Jens Todt: Rechtzeitig beantragt und bereits vor knapp zwei Wochen gewählt.

Verraten Sie uns, was Sie gewählt haben?

Todt (überlegt lange): Zum ersten Mal in meinem Leben habe ich mit der Zweitstimme die CDU gewählt. Der Hauptgrund ist, dass ich es beeindruckend fand, wie die Bundeskanzlerin mit der Flüchtlingskrise vor zwei Jahren umgegangen ist. Für solche Situationen gibt es ja keine Handbücher.

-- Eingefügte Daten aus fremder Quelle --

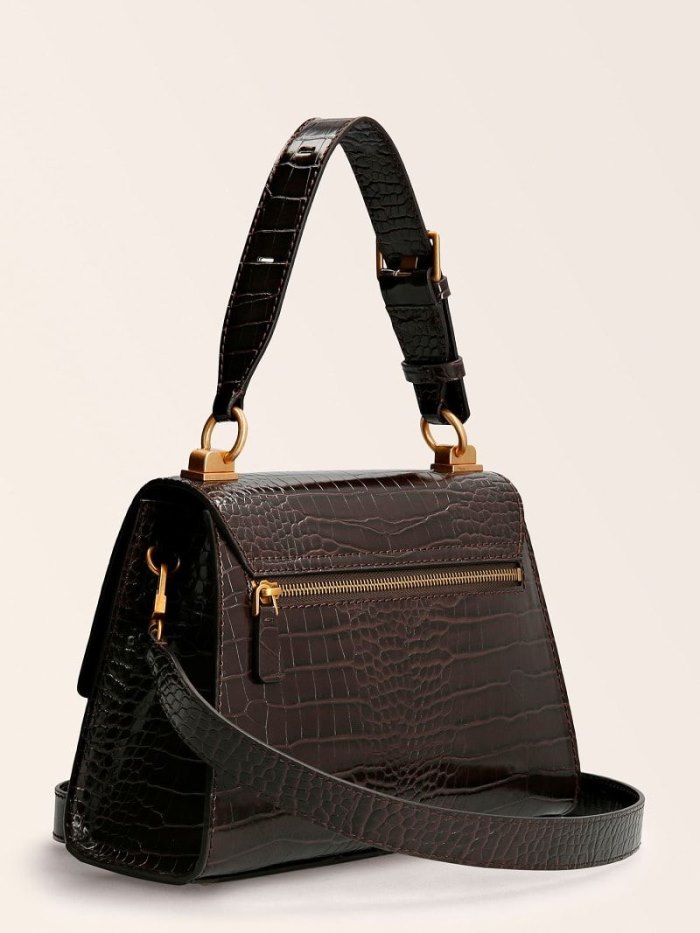 Bolsa de Mano Guess Stephi Croc Print Mujer Marrom | SE-223089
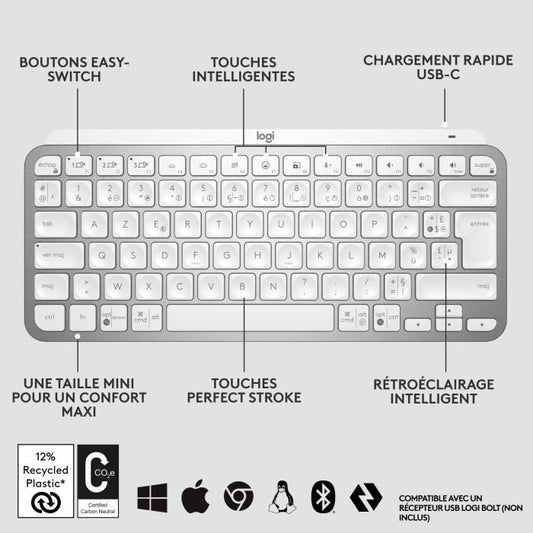 Logitech Wireless Keyboard - MX Keys Mini - PALE GRAY - Compact, Bluetooth, Backlit for MAC, iOS, Windows, Linux, Android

Fußballer und Fußballfunktionäre sprechen sehr ungern öffentlich über Politik. Warum haben Sie sich zu diesem Interview bereit erklärt?

Todt: Sollten wir jetzt in Leverkusen verlieren, dann würde sicherlich der eine oder andere sagen, dass der Todt nicht über die politische Großwetterlage reden, sondern sich auf seinen Job konzentrieren soll. Das mag ja auch im Großen und Ganzen stimmen, aber in diesem besonderen Fall mache ich eine Ausnahme. Weil ich Politik wichtig und interessant finde. Auch kann ich Ihnen versichern, dass unter diesem Interview mein Einsatz für den HSV nicht leiden wird. Generell habe ich den Eindruck, dass das Äußern der eigenen politischen Überzeugung in Deutschland stärker tabuisiert wird als anderswo. Warum auch immer, aber man spricht hier nur ungern öffentlich darüber, was und warum man eigentlich wählt. Ich glaube, dass es sogar viele Ehepaare gibt, bei denen der Partner nicht weiß, was der andere gewählt hat.

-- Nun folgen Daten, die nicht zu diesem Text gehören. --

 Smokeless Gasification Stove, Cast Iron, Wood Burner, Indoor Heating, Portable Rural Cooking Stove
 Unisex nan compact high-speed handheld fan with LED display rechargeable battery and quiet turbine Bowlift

Wissen Sie, was Ihre Frau wählt?

Todt: Klar weiß ich das. Aber ihre Partei werde ich an dieser Stelle dann doch nicht verraten.

Würden Sie sich selbst als politisch interessierten Menschen bezeichnen?

Todt: Schon. Ich gehe zwar sicher nicht in die letzte Tiefe der einzelnen Wahlprogramme, aber lese mehrere Tageszeitungen, bin online ein Nachrichtenjunkie und schaue mir auch die eine oder andere politische Debatte im Fernsehen an. Das Duell zwischen Angela Merkel und Martin Schulz habe ich natürlich auch gesehen.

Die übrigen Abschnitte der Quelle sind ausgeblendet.